A change in the country’s economic policy could reverse what many economists argue has been an unsustainable and reckless course.

Turkey is grappling with huge debt, an inflation rate of less than 40 percent, and a falling currency. Many analysts say the country’s economic problems have been exacerbated by Mr. Erdogan in recent years. The president has repeatedly defied conventional economic wisdom by calling higher interest rates to fuel inflation.

Most economists argue the opposite: Higher interest rates make borrowing more expensive, which slows investment and spending and, in turn, restrains price growth. While such tightening slows inflation, it also carries the risk of triggering a recession, a key reason Mr Erdogan has avoided the policy.

When central bankers resisted pressure to lower interest rates, Mr. Erdogan fired them.
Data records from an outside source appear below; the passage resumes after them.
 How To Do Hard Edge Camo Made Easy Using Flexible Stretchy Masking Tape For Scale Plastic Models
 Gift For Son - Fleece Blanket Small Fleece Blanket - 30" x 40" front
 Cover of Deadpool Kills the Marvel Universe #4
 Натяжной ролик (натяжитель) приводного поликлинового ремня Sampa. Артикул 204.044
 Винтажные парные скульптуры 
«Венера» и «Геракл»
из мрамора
The strategy undermined investor confidence in the independence of the central bank, causing the lira to fall further in value.

The central bank was selling its reserves of dollars to artificially prop up the currency, but those reserves were heavily depleted. According to Goldman Sachs, after accounting for liabilities, “net foreign assets are in negative territory”.
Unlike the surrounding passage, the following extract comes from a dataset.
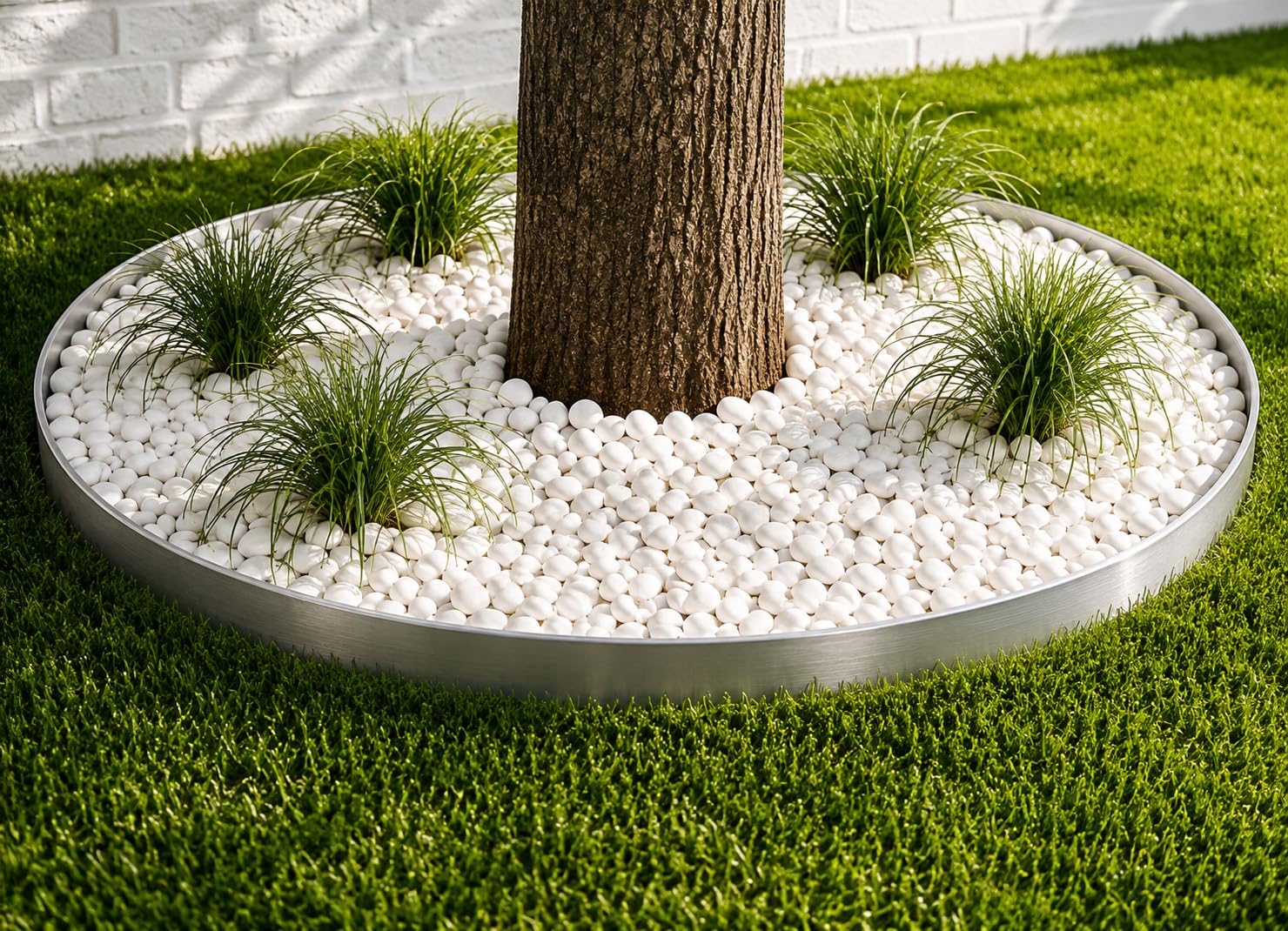 Gardenline Rasenkanten 4 Stück Metall verzinkt 119,5x13 cm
Kadri Tastan, a senior fellow at the German Marshall Fund, a public policy think tank in Brussels, said that for ordinary citizens, the exchange rate was one of the most visible signs of the economy’s health. That is why the government did everything it could to protect the value of the lira ahead of the presidential election, Mr. Tastan said.

While repeated declines in the lira were a sign of investors’ faltering confidence in Turkey’s economic course, the latest slump appears to be the result of the government’s decision not to protect the currency’s value by selling foreign exchange reserves.

Because the previous exchange rate was the result of government manipulation, Mr. Tastan said, “Maybe we will see the value of the Turkish lira go down further.”

Although now, he said, the decline “signals a return to a more rational monetary policy.”